(Provided material):
-=-=-=-=-

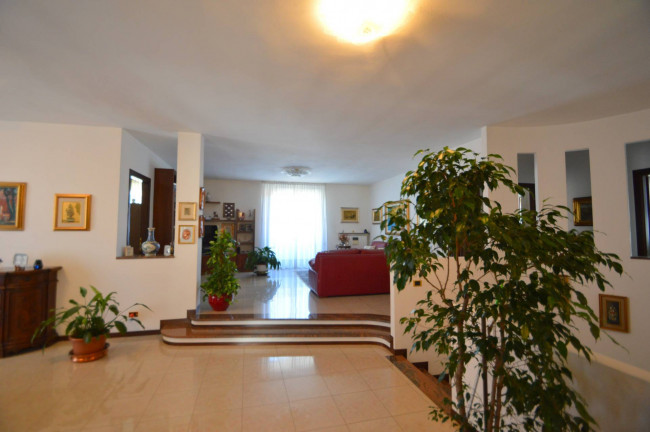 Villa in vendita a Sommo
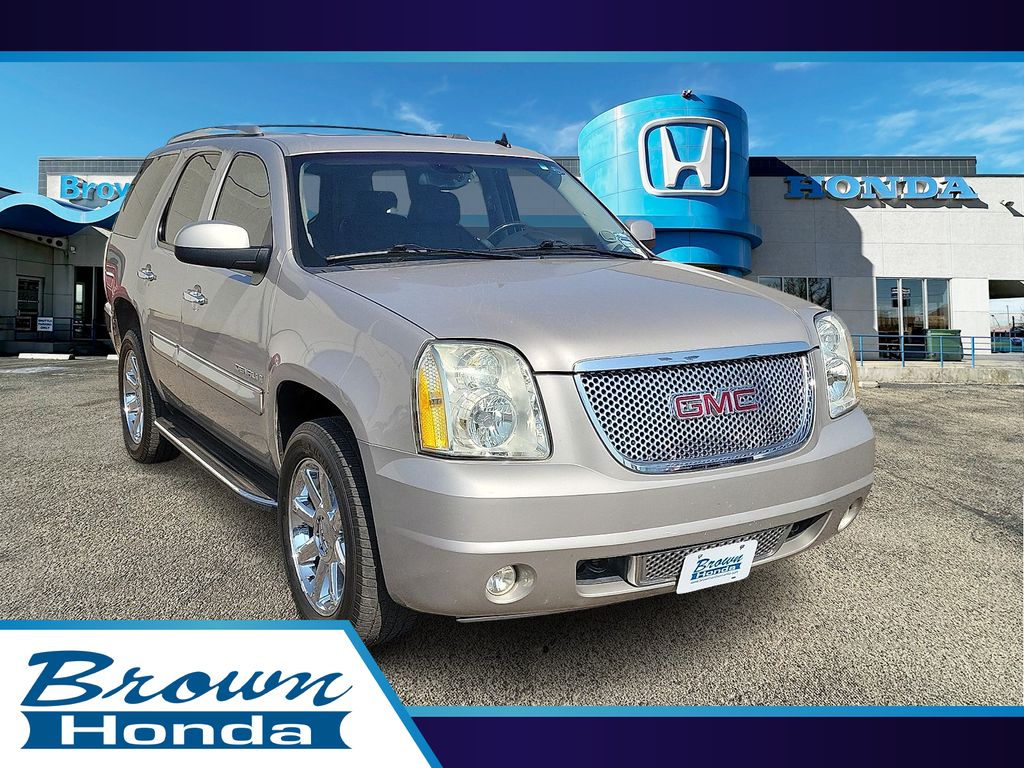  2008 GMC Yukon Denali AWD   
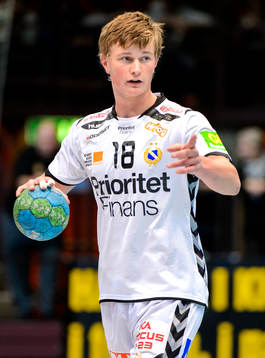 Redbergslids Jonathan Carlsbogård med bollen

-=-=-=-=-

(Aim of the task):
The required answer is the material repeated exactly, with no images in it.

(Solution to the exercise):
 Villa in vendita a Sommo
  2008 GMC Yukon Denali AWD   
 Redbergslids Jonathan Carlsbogård med bollen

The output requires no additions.